Task statement
Using the listing below, output only the lines from the one that contains "Used 2019 Audi" through the one that contains "Skoda Kodiaq bild 20", inclusive, exactly as given and without images.

Data section
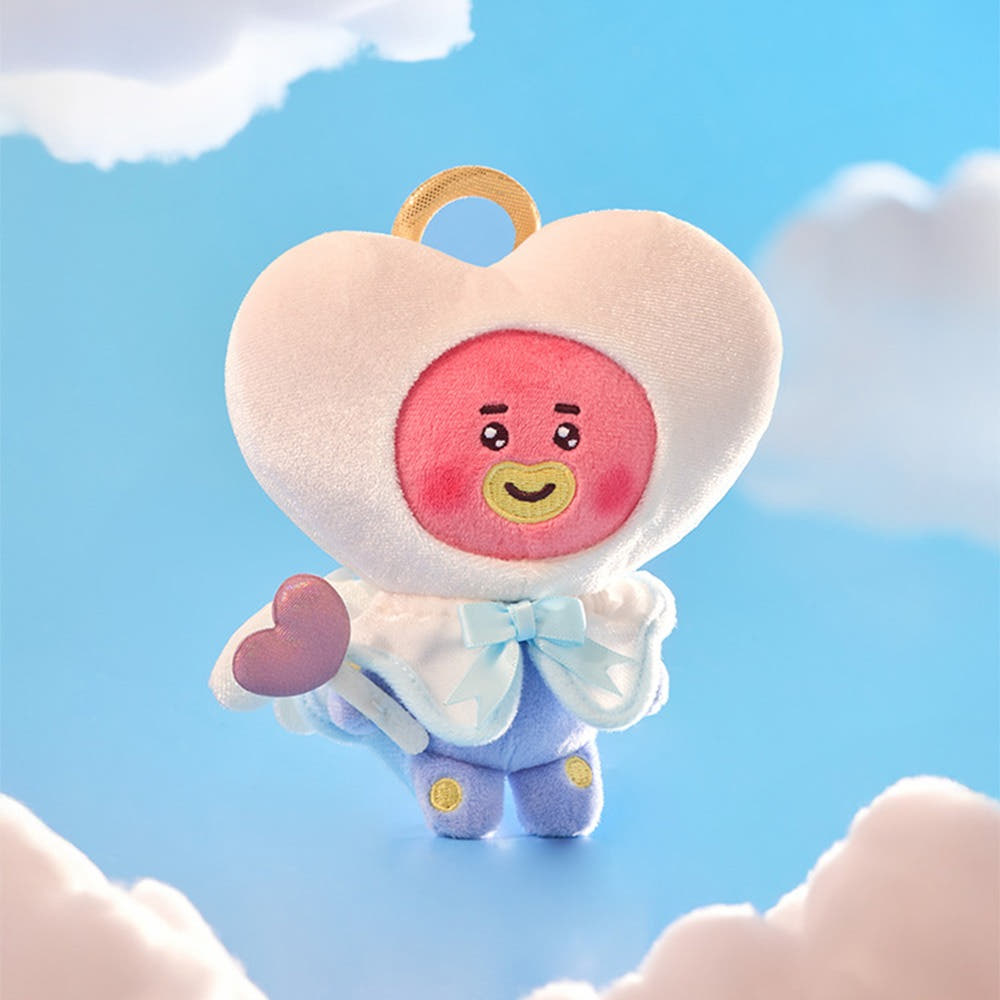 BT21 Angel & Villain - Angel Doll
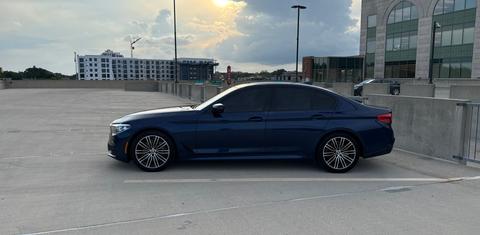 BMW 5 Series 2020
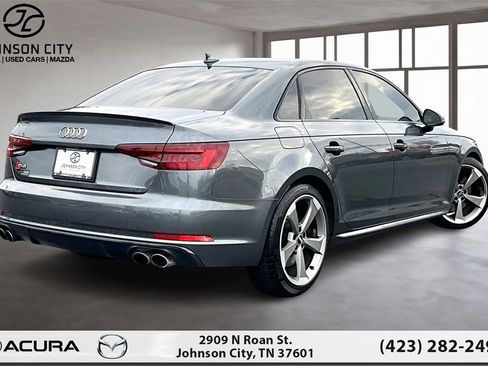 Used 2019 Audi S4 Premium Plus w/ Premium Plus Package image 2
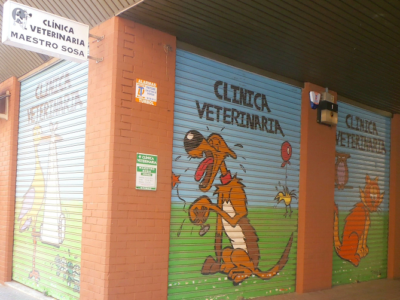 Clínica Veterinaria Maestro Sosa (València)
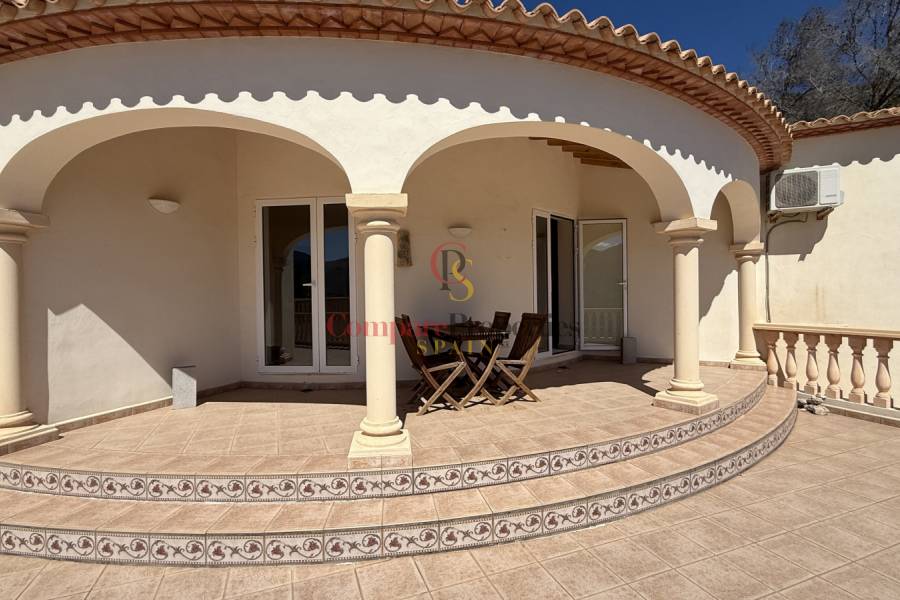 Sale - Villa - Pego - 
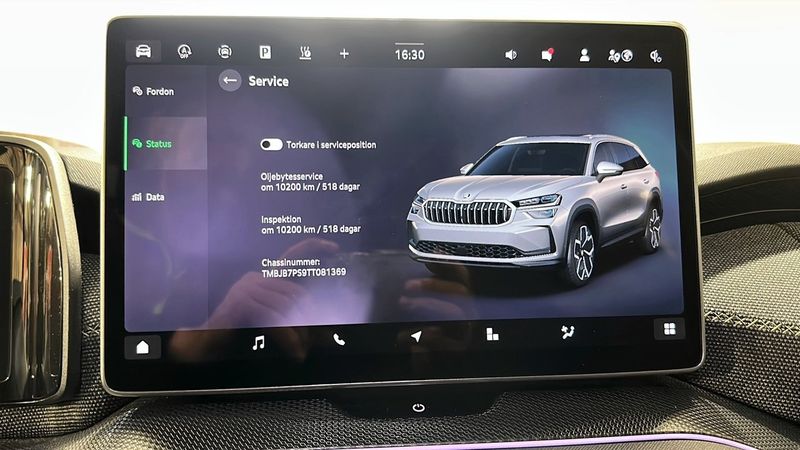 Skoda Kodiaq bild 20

==

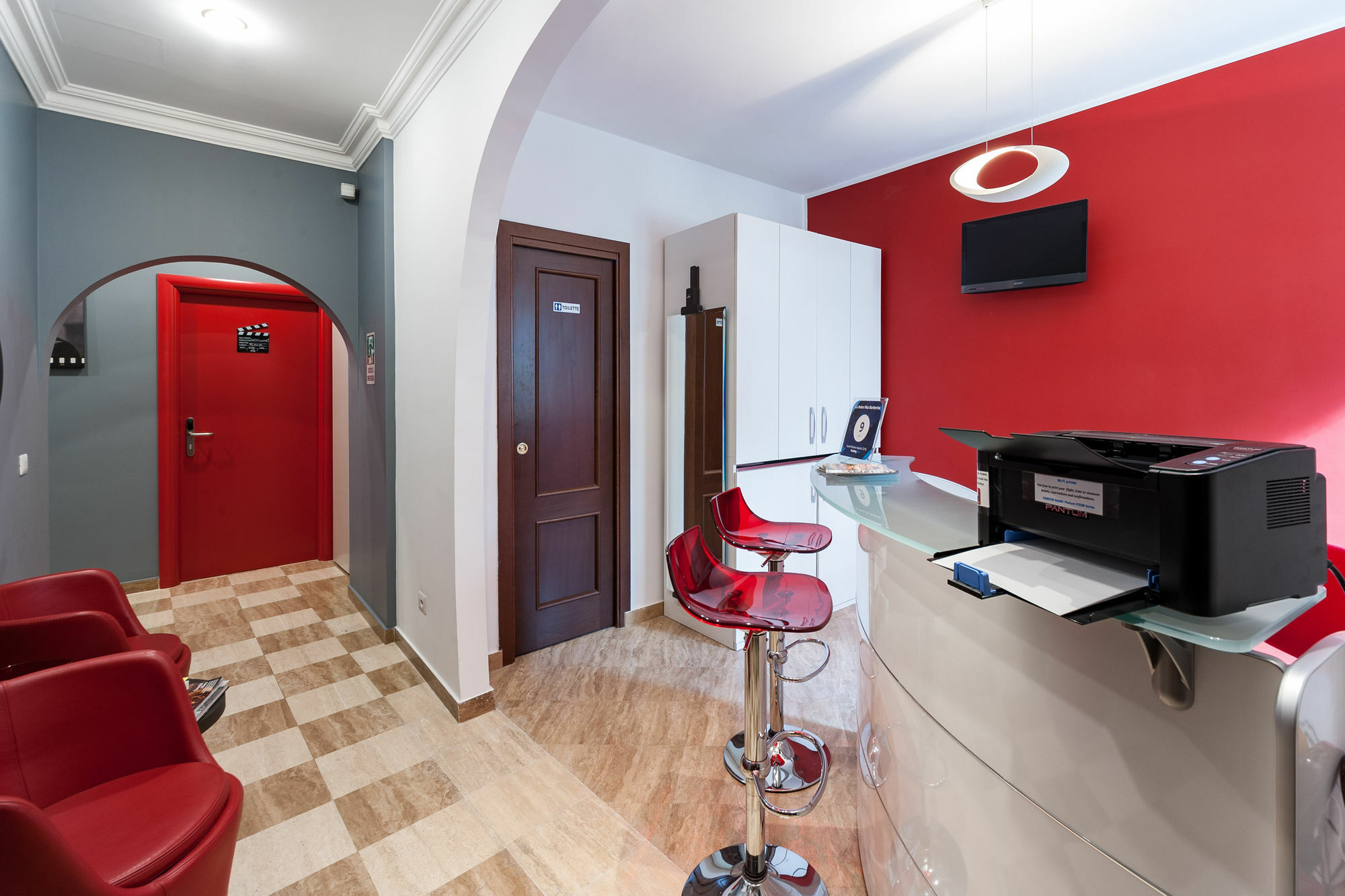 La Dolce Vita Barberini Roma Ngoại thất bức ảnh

Result below
 Used 2019 Audi S4 Premium Plus w/ Premium Plus Package image 2
 Clínica Veterinaria Maestro Sosa (València)
 Sale - Villa - Pego - 
 Skoda Kodiaq bild 20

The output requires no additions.